Date of Award

Spring 5-13-2017

Level of Access

Open-Access Thesis

Degree Name

Master of Science (MS)

Department

Physics

Advisor

Samuel Hess

Second Committee Member

Raymond Astumian

Third Committee Member

John Thompson

Abstract

Fluorescence microscopy is popular for its noninvasive properties and its use in imaging multiple species, simultaneously. Furthermore, superresolution fluorescence microscopy (SRFLM) utilizes photoswitchable proteins to improve the lateral resolution of conventional fluorescence microscopy by an order of magnitude. There is little work conducted on the study of excitation laser polarizations and their effect on the number of localizations as well as the brightness of molecules. This thesis attempts to study the effect of excitation wavelength polarization on the number of localizations and the brightness of molecules by comparing two orientations of circularly-polarized, excitation lasers. The first type of orientation involves collinear excitation beams perpendicular to the sample stage (widefield). The second involves two, crossed excitation beams so that they overlap only at the area imaged in a sample (cross-beam).
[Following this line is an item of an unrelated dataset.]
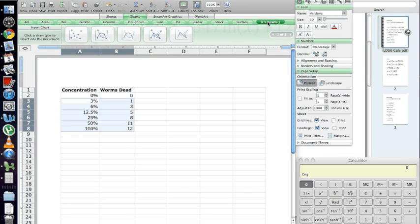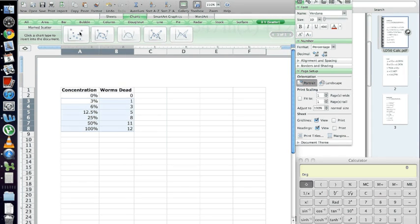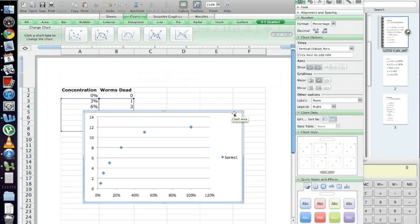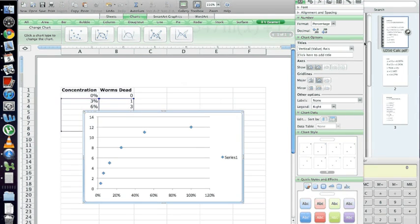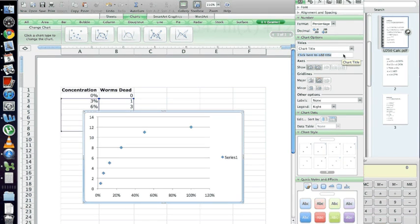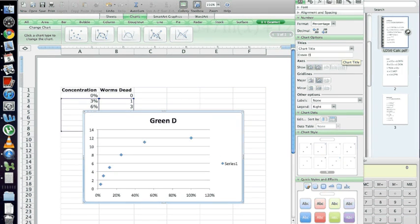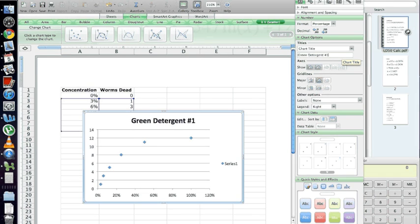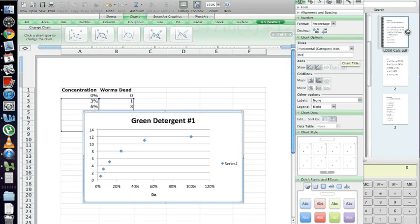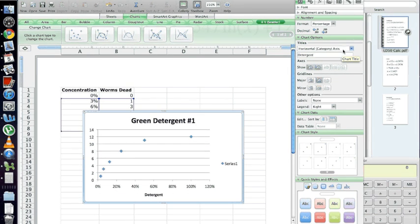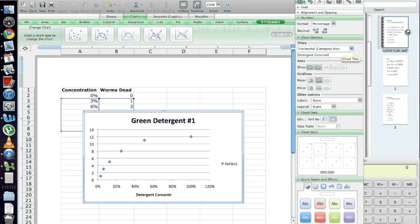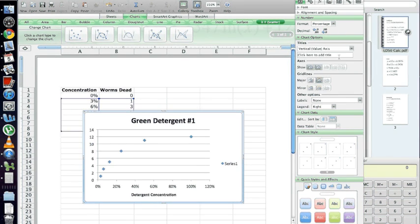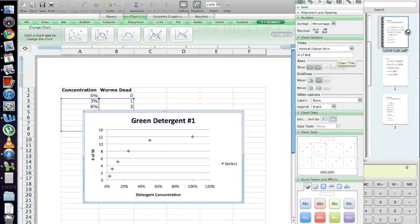Select an x-y scatter plot for your plot. Select this one right here, none of the ones with connecting lines, but just the scatter. Go ahead and label your graph. Make sure it's descriptive, something that when people read it, they'll understand what it is. On your x-axis, you're charting the detergent concentration. And on the y-axis, we have number of worms killed, or something like that, whatever you think is best.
Dendra 2-HA is the fluorescent protein Dendra2 tagged to the influenza virus protein hemagglutinin. The fluorescent protein is commonly used in studies related to the spread of the influenza virus in mammalian cells, such as NIH3T3 cells. With equal excitation rates between the two beam orientations, the cross-beam, with 73 degrees between the beams, yielded more localizations and more narrow brightness histograms than that of the widefield variety. Simulation results show a similar trend, but are not analytically in agreement with those of the experimental variety. Maximization of the number of localizations combined with minimization of the brightness histogram widths can be achieved with ninety degrees between the beams and equal excitation rates, per the simulation. This result suggests that the cross-beam orientation has the potential to be of use in the improvement of multiple fluorescent species superresolution studies.